THE PROBLEM: Each entry that follows must be output without any deviation.

INPUT:
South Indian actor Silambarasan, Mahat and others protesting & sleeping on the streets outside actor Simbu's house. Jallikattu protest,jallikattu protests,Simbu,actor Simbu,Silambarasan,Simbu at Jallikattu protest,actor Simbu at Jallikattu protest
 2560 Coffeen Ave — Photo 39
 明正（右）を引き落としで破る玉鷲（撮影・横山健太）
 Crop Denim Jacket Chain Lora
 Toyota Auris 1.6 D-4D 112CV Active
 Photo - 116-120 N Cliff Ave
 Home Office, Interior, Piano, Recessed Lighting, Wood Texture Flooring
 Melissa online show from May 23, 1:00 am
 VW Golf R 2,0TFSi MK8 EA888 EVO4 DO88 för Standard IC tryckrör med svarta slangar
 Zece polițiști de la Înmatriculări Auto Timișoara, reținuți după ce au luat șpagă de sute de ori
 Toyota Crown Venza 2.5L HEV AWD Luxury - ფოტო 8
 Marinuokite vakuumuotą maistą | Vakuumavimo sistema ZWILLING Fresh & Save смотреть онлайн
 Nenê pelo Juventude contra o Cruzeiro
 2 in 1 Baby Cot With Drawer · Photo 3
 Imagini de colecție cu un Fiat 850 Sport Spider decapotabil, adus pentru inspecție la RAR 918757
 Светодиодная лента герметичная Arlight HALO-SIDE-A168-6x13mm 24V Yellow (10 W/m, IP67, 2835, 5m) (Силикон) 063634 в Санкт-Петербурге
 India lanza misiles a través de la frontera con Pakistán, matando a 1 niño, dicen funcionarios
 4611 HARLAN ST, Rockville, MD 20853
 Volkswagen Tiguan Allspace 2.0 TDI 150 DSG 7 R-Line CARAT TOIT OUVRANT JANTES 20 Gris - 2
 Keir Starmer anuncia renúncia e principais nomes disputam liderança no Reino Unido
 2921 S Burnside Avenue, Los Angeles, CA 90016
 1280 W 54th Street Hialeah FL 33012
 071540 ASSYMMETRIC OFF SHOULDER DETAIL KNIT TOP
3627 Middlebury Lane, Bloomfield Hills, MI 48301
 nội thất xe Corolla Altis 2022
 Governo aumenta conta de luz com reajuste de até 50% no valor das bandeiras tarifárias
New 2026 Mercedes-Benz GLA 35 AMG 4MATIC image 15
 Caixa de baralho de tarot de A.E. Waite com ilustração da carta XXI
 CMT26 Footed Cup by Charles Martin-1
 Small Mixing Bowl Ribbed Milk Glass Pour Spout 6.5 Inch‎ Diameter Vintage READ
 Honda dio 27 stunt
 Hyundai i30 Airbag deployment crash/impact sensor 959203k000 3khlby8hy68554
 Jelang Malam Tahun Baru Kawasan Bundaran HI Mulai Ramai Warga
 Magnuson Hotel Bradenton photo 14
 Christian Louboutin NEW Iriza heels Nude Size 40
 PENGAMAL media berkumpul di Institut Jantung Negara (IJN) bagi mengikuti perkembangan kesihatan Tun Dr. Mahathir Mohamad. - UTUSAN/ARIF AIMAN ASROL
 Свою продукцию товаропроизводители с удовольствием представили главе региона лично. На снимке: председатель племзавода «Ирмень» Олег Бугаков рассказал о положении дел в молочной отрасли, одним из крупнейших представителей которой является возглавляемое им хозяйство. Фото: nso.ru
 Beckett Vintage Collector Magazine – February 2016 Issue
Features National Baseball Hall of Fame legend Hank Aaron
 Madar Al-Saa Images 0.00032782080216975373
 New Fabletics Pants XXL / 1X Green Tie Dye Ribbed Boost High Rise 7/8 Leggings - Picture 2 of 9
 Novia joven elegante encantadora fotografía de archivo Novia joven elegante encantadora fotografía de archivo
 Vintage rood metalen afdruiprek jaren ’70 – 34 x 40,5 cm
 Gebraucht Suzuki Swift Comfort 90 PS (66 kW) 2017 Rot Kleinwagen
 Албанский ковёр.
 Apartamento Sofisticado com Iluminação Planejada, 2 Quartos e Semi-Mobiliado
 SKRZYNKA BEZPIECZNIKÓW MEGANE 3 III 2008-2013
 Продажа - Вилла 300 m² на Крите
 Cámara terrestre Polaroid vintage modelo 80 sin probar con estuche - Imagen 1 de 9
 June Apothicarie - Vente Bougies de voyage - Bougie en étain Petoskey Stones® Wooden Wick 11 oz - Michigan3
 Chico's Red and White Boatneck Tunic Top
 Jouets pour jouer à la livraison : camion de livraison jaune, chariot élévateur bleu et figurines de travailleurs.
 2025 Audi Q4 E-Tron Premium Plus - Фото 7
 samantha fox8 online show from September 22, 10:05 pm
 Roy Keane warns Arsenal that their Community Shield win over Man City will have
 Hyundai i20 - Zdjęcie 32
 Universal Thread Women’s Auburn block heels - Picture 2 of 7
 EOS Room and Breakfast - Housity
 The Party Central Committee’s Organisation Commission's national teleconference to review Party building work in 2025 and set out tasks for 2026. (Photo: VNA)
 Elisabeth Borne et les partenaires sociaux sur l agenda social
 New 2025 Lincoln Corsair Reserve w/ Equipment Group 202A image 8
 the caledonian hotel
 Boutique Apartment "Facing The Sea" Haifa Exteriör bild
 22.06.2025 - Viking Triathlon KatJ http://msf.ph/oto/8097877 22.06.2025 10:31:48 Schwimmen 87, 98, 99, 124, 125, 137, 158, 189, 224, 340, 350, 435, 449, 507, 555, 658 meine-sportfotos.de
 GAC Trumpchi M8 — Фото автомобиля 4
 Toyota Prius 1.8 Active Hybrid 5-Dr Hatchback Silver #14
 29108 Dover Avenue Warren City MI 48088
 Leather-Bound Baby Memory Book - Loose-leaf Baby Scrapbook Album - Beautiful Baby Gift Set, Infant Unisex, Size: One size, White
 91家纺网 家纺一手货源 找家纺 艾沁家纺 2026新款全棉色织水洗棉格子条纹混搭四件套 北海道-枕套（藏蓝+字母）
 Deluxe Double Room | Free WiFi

EXERCISE SOLUTION:
South Indian actor Silambarasan, Mahat and others protesting & sleeping on the streets outside actor Simbu's house. Jallikattu protest,jallikattu protests,Simbu,actor Simbu,Silambarasan,Simbu at Jallikattu protest,actor Simbu at Jallikattu protest
 2560 Coffeen Ave — Photo 39
 明正（右）を引き落としで破る玉鷲（撮影・横山健太）
 Crop Denim Jacket Chain Lora
 Toyota Auris 1.6 D-4D 112CV Active
 Photo - 116-120 N Cliff Ave
 Home Office, Interior, Piano, Recessed Lighting, Wood Texture Flooring
 Melissa online show from May 23, 1:00 am
 VW Golf R 2,0TFSi MK8 EA888 EVO4 DO88 för Standard IC tryckrör med svarta slangar
 Zece polițiști de la Înmatriculări Auto Timișoara, reținuți după ce au luat șpagă de sute de ori
 Toyota Crown Venza 2.5L HEV AWD Luxury - ფოტო 8
 Marinuokite vakuumuotą maistą | Vakuumavimo sistema ZWILLING Fresh & Save смотреть онлайн
 Nenê pelo Juventude contra o Cruzeiro
 2 in 1 Baby Cot With Drawer · Photo 3
 Imagini de colecție cu un Fiat 850 Sport Spider decapotabil, adus pentru inspecție la RAR 918757
 Светодиодная лента герметичная Arlight HALO-SIDE-A168-6x13mm 24V Yellow (10 W/m, IP67, 2835, 5m) (Силикон) 063634 в Санкт-Петербурге
 India lanza misiles a través de la frontera con Pakistán, matando a 1 niño, dicen funcionarios
 4611 HARLAN ST, Rockville, MD 20853
 Volkswagen Tiguan Allspace 2.0 TDI 150 DSG 7 R-Line CARAT TOIT OUVRANT JANTES 20 Gris - 2
 Keir Starmer anuncia renúncia e principais nomes disputam liderança no Reino Unido
 2921 S Burnside Avenue, Los Angeles, CA 90016
 1280 W 54th Street Hialeah FL 33012
 071540 ASSYMMETRIC OFF SHOULDER DETAIL KNIT TOP
3627 Middlebury Lane, Bloomfield Hills, MI 48301
 nội thất xe Corolla Altis 2022
 Governo aumenta conta de luz com reajuste de até 50% no valor das bandeiras tarifárias
New 2026 Mercedes-Benz GLA 35 AMG 4MATIC image 15
 Caixa de baralho de tarot de A.E. Waite com ilustração da carta XXI
 CMT26 Footed Cup by Charles Martin-1
 Small Mixing Bowl Ribbed Milk Glass Pour Spout 6.5 Inch‎ Diameter Vintage READ
 Honda dio 27 stunt
 Hyundai i30 Airbag deployment crash/impact sensor 959203k000 3khlby8hy68554
 Jelang Malam Tahun Baru Kawasan Bundaran HI Mulai Ramai Warga
 Magnuson Hotel Bradenton photo 14
 Christian Louboutin NEW Iriza heels Nude Size 40
 PENGAMAL media berkumpul di Institut Jantung Negara (IJN) bagi mengikuti perkembangan kesihatan Tun Dr. Mahathir Mohamad. - UTUSAN/ARIF AIMAN ASROL
 Свою продукцию товаропроизводители с удовольствием представили главе региона лично. На снимке: председатель племзавода «Ирмень» Олег Бугаков рассказал о положении дел в молочной отрасли, одним из крупнейших представителей которой является возглавляемое им хозяйство. Фото: nso.ru
 Beckett Vintage Collector Magazine – February 2016 Issue
Features National Baseball Hall of Fame legend Hank Aaron
 Madar Al-Saa Images 0.00032782080216975373
 New Fabletics Pants XXL / 1X Green Tie Dye Ribbed Boost High Rise 7/8 Leggings - Picture 2 of 9
 Novia joven elegante encantadora fotografía de archivo Novia joven elegante encantadora fotografía de archivo
 Vintage rood metalen afdruiprek jaren ’70 – 34 x 40,5 cm
 Gebraucht Suzuki Swift Comfort 90 PS (66 kW) 2017 Rot Kleinwagen
 Албанский ковёр.
 Apartamento Sofisticado com Iluminação Planejada, 2 Quartos e Semi-Mobiliado
 SKRZYNKA BEZPIECZNIKÓW MEGANE 3 III 2008-2013
 Продажа - Вилла 300 m² на Крите
 Cámara terrestre Polaroid vintage modelo 80 sin probar con estuche - Imagen 1 de 9
 June Apothicarie - Vente Bougies de voyage - Bougie en étain Petoskey Stones® Wooden Wick 11 oz - Michigan3
 Chico's Red and White Boatneck Tunic Top
 Jouets pour jouer à la livraison : camion de livraison jaune, chariot élévateur bleu et figurines de travailleurs.
 2025 Audi Q4 E-Tron Premium Plus - Фото 7
 samantha fox8 online show from September 22, 10:05 pm
 Roy Keane warns Arsenal that their Community Shield win over Man City will have
 Hyundai i20 - Zdjęcie 32
 Universal Thread Women’s Auburn block heels - Picture 2 of 7
 EOS Room and Breakfast - Housity
 The Party Central Committee’s Organisation Commission's national teleconference to review Party building work in 2025 and set out tasks for 2026. (Photo: VNA)
 Elisabeth Borne et les partenaires sociaux sur l agenda social
 New 2025 Lincoln Corsair Reserve w/ Equipment Group 202A image 8
 the caledonian hotel
 Boutique Apartment "Facing The Sea" Haifa Exteriör bild
 22.06.2025 - Viking Triathlon KatJ http://msf.ph/oto/8097877 22.06.2025 10:31:48 Schwimmen 87, 98, 99, 124, 125, 137, 158, 189, 224, 340, 350, 435, 449, 507, 555, 658 meine-sportfotos.de
 GAC Trumpchi M8 — Фото автомобиля 4
 Toyota Prius 1.8 Active Hybrid 5-Dr Hatchback Silver #14
 29108 Dover Avenue Warren City MI 48088
 Leather-Bound Baby Memory Book - Loose-leaf Baby Scrapbook Album - Beautiful Baby Gift Set, Infant Unisex, Size: One size, White
 91家纺网 家纺一手货源 找家纺 艾沁家纺 2026新款全棉色织水洗棉格子条纹混搭四件套 北海道-枕套（藏蓝+字母）
 Deluxe Double Room | Free WiFi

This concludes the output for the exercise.